Statutory authority:
Labor Law, section 154-a
Subject:
Child Performers.
Purpose:
To establish rules regarding the employment of child performers.
Substance of final rule:
The adopted rule creates a new section of regulations designated as 12 NYCRR Part 186 entitled "Child Performers" promulgated pursuant to Labor Law § 154-a.
The Child Performer Education and Trust Act of 2003 (the Act) requires trust accounts to be established for child performers and requires employers to transfer 15% of earnings to such accounts to be held in trust until the child reaches eighteen years of age. It requires all child performers to have permits issued by the New York State Department of Labor. By amendment, effective July 21, 2011, such permits were changed from semi-annual to annual. It requires all employers of child performers to have employer certificates issued by the New York State Department of Labor, valid for three years, at specified costs.
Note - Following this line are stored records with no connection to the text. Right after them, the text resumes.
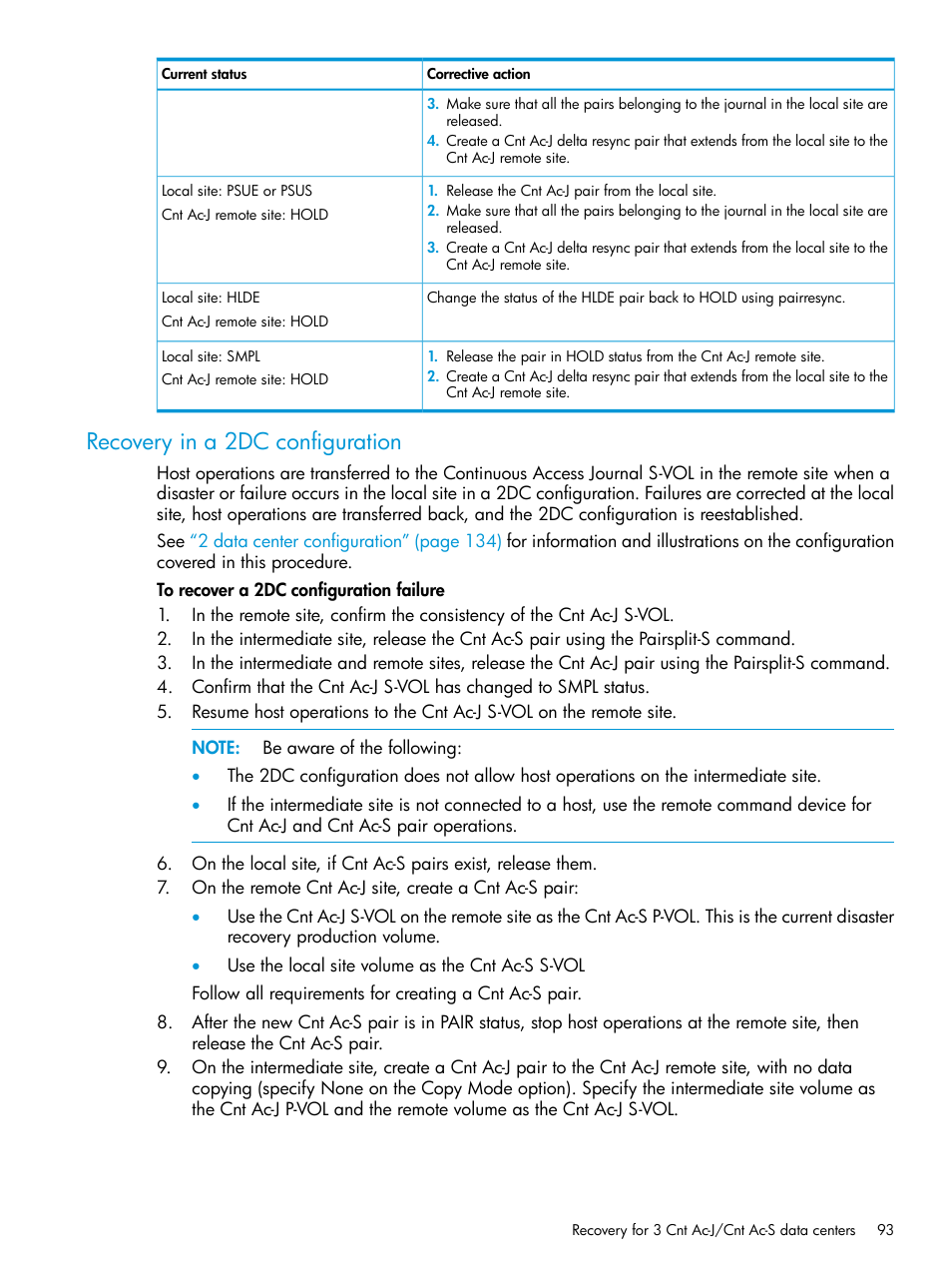 Recovery in a 2dc configuration | HP XP7 Storage User Manual | Page 93 / 186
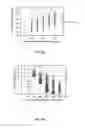 Fig. 09 - Device and method of manufacturing high aspect ratio structures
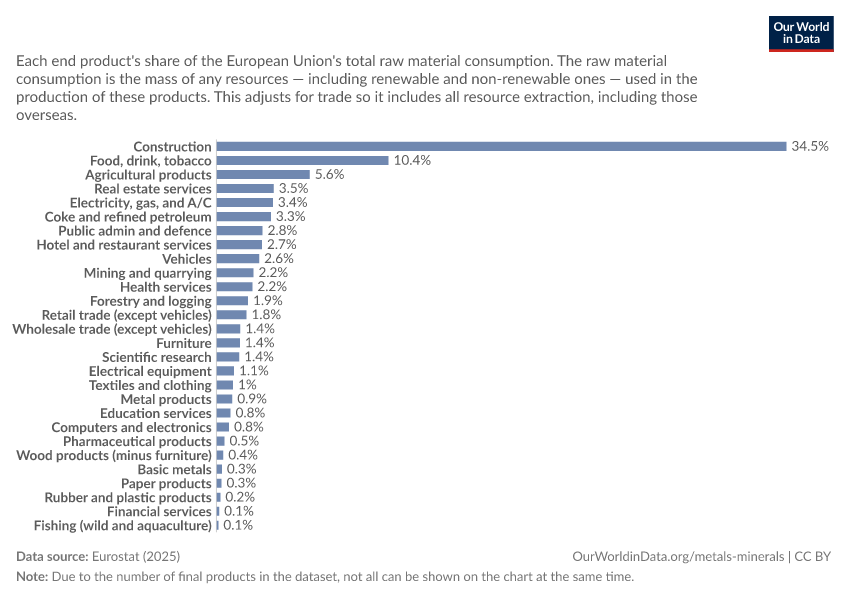 A thumbnail of the "Raw material consumption in the EU-27 by the final product" chart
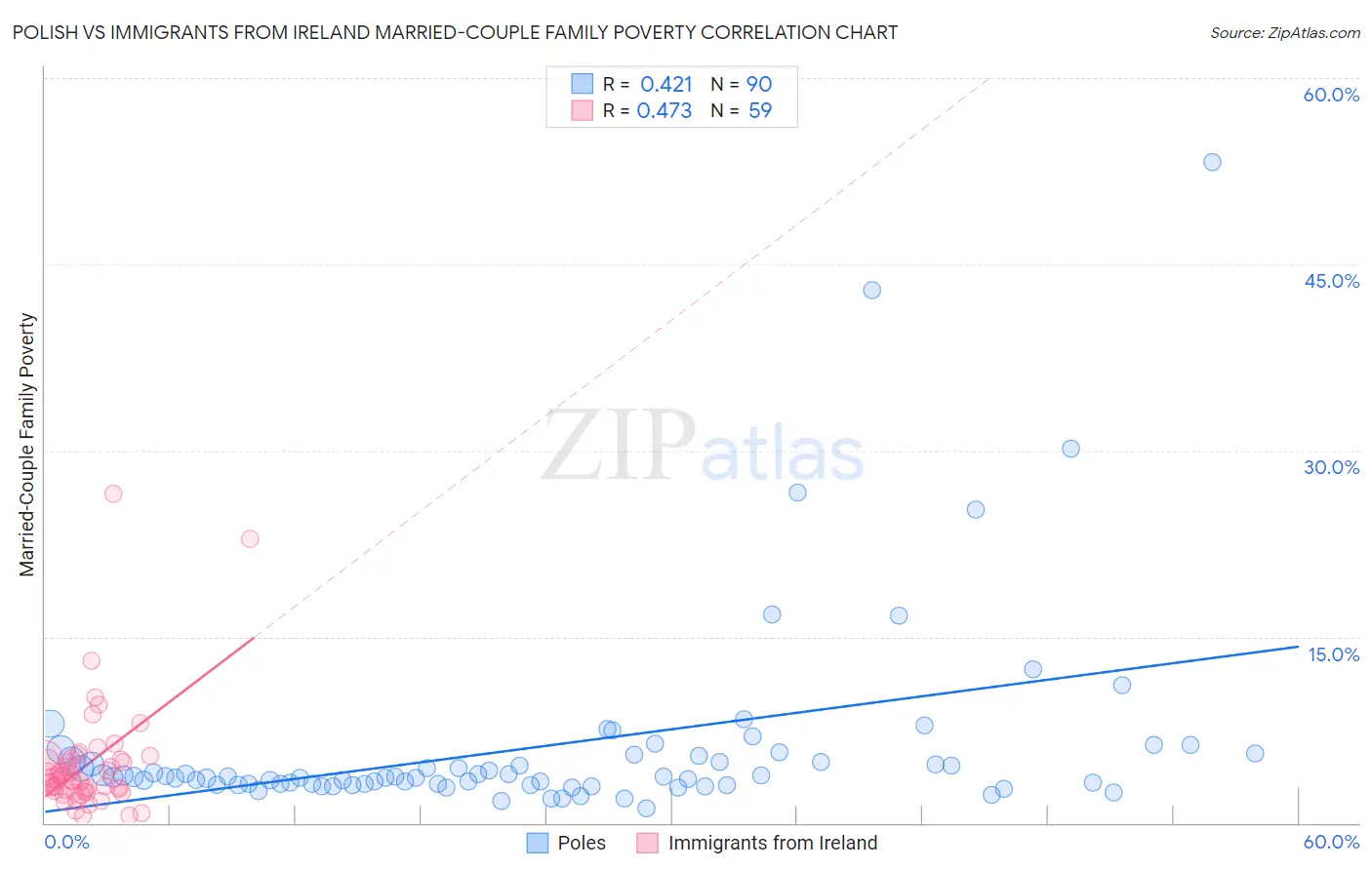 Polish vs Immigrants from Ireland Married-Couple Family Poverty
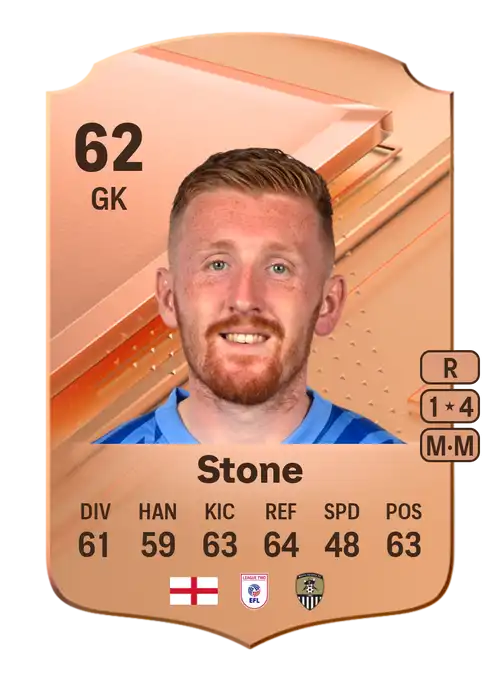 EA FC 24 Aidan Stone 62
It requires employers of child performers to provide teachers to such child performers if they are otherwise unable to fulfill educational requirements due to their employment schedules.
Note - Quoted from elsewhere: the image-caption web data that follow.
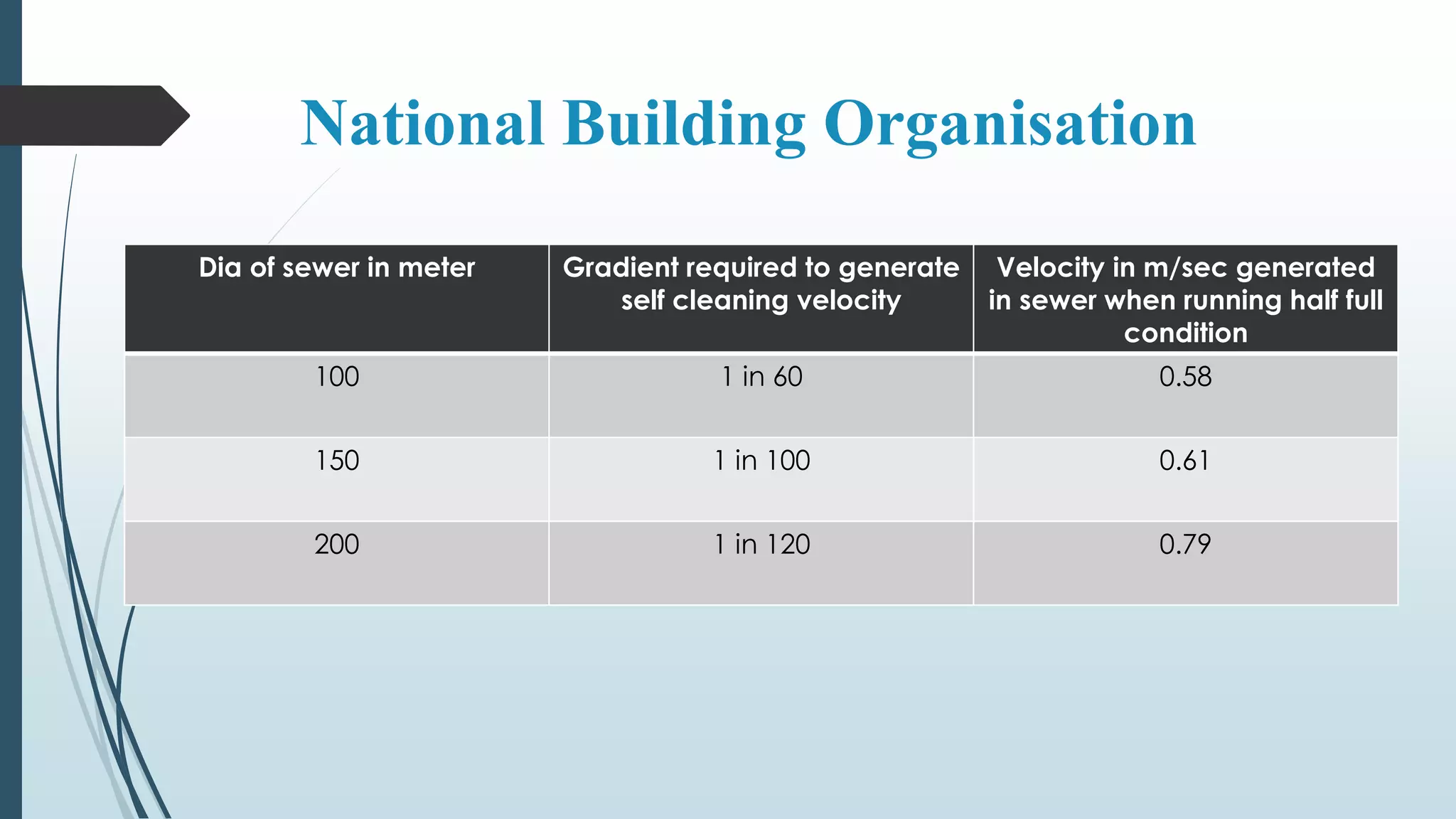 National Building Organisation
Dia of sewer in meter Gradient required to generate
self cleaning velocity
Velocity in m/sec generated
in sewer when running half full
condition
100 1 in 60 0.58
150 1 in 100 0.61
200 1 in 120 0.79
Labor Law § 154-a requires the Commissioner of Labor to promulgate rules and regulations as shall be necessary and proper to effectuate the purposes and provisions of the Act, including but not limited to rules and regulations determining the hours of work and conditions of work necessary to safeguard the health, education, morals and general welfare of child performers.
A public hearing was held in New York City on September 20, 2012. Five (5) persons spoke at the hearing, and six (6) persons submitted written comments.
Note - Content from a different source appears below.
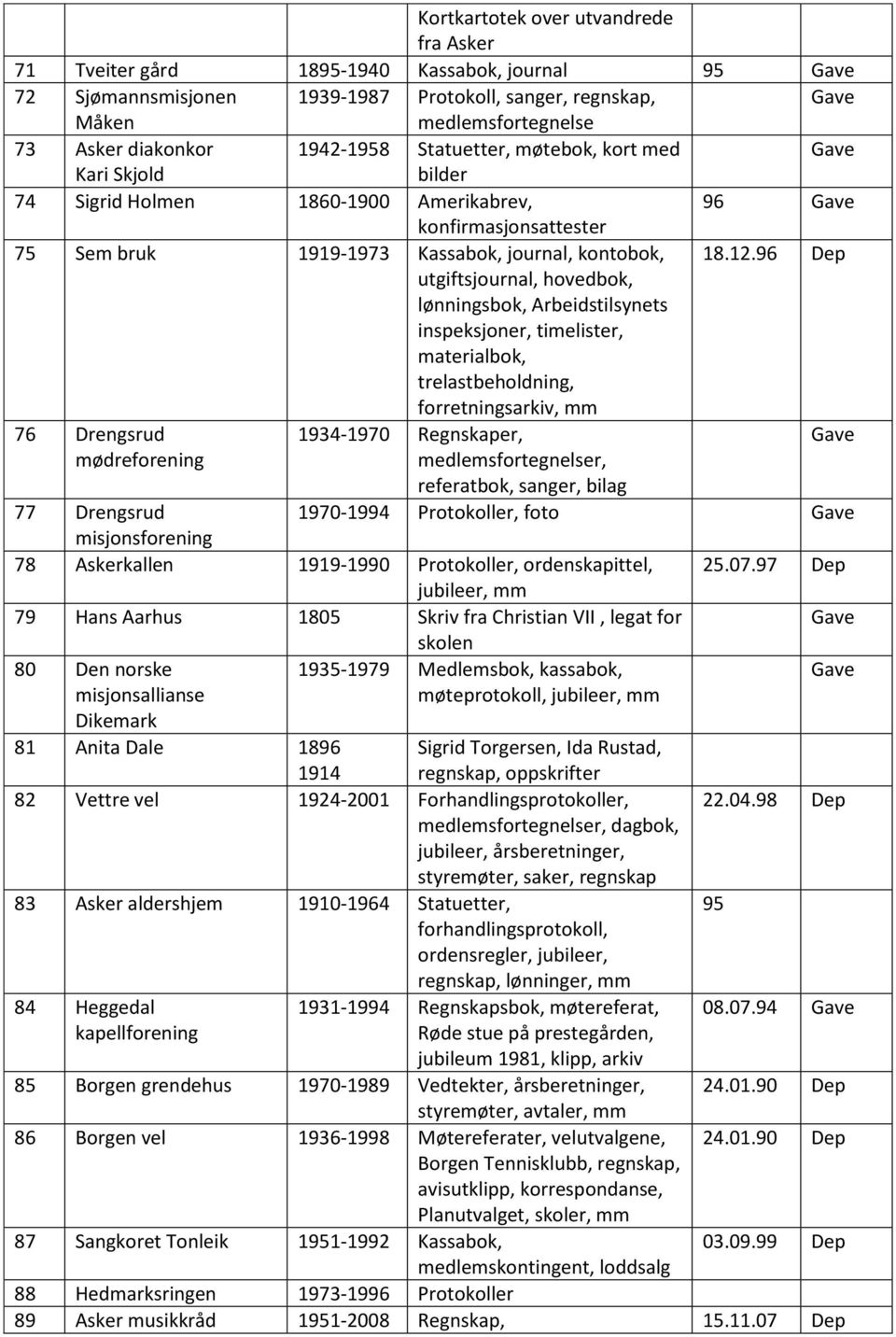 lønningsbok, Arbeidstilsynets inspeksjoner, timelister, materialbok, trelastbeholdning, forretningsarkiv, mm 18.12.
Adopted new Part 186 contains all regulations pertaining to child performers. They define the type of work that will categorize a child as a "child performer," including but not limited to work as part of a "reality show," a term defined in the regulations.
They also exempt various types of performances from regulatory oversight in accordance with Section 35.01(2) of the Arts and Cultural Affairs Law and provisions of the Labor Law.
They set forth the time and manner in which a child must obtain and renew a Child Performer Permit and the time and manner in which the employer of a child performer must obtain and renew an Employer Certificate of Eligibility. The adopted regulations also provide for a Temporary Child Performer Permit valid for fifteen days so as to permit a child performer who has never previously obtained a Child Performer Permit to be employed without or prior to submitting all documents necessary for a full Child Performer Permit. They also provide for an Employer Certificate of Group Eligibility permitting a group of children to be employed as a group on certain projects for not more than two days of work.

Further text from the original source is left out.